Abstract

We previously showed that prejunctional histamine H3-receptors downregulate norepinephrine exocytosis, which is markedly enhanced in early myocardial ischemia. In the present study, we investigated whether H3-receptors modulate nonexocytotic norepinephrine release during protracted myocardial ischemia. In this setting, decreased pH(i) in sympathetic nerve endings sequentially leads to a compensatory activation of the Na+-H+ antiporter (NHE), accumulation of intracellular Na+, reversal of the neuronal uptake of norepinephrine, and thus carrier-mediated release of norepinephrine. Accordingly, norepinephrine overflow from isolated guinea pig hearts undergoing 20-minute global ischemia and 45-minute reperfusion was attenuated approximately 80% by desipramine (10 nmol/L) and 70% by 5-(N-ethyl-N-isopropyl)-amiloride (EIPA, 10 micromol/L), inhibitors of norepinephrine uptake and NHE, respectively. The H3-receptor agonist imetit (0.1 micromol/L) decreased carrier-mediated norepinephrine release by approximately 50%. This effect was blocked by the H3-receptor antagonist thioperamide (0.3 micromol/L), indicating that H-receptor activation inhibits carrier-mediated norepinephrine release. At lower concentrations, imetit (10 nmol/L) or EIPA (3 micromol/L) did not inhibit carrier-mediated norepinephrine release.

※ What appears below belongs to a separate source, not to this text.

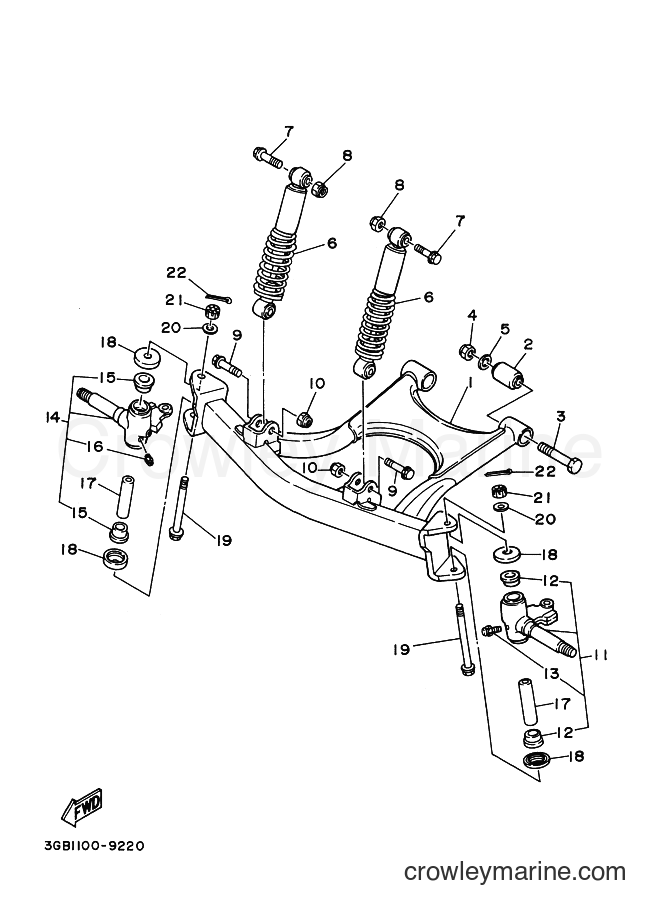 1992 ATV YFM100 - YFM100 (3GBB) [010] - FRONT SUSPENSION & WHEEL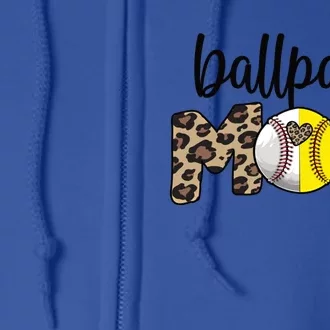 Ballpark Mom Proud Baseball Softball Player Mother Gift Full Zip Hoodie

However, a 25% inhibition occurred with imetit (10 nmol/L) and EIPA (3 micromol/L) combined. This synergism suggests an association between H-receptors and NHE. Conceivably, activation of H-receptors may lead to inhibition of NHE. In fact, alpha2-adrenoceptor activation, which is known to stimulate NHE, enhanced norepinephrine release, whereas alpha2-adrenoceptor blockade attenuated it. Furthermore, activation of adenosine A1-receptors markedly attenuated norepinephrine release, whereas their inhibition potentiated it. Because norepinephrine directly correlated with the severity of reperfusion arrhythmia and imetit reduced the incidence of ventricular fibrillation by 50%, our findings with H-receptor agonists may further the development of novel pharmacological means to reduce reperfusion arrhythmias in the clinical setting.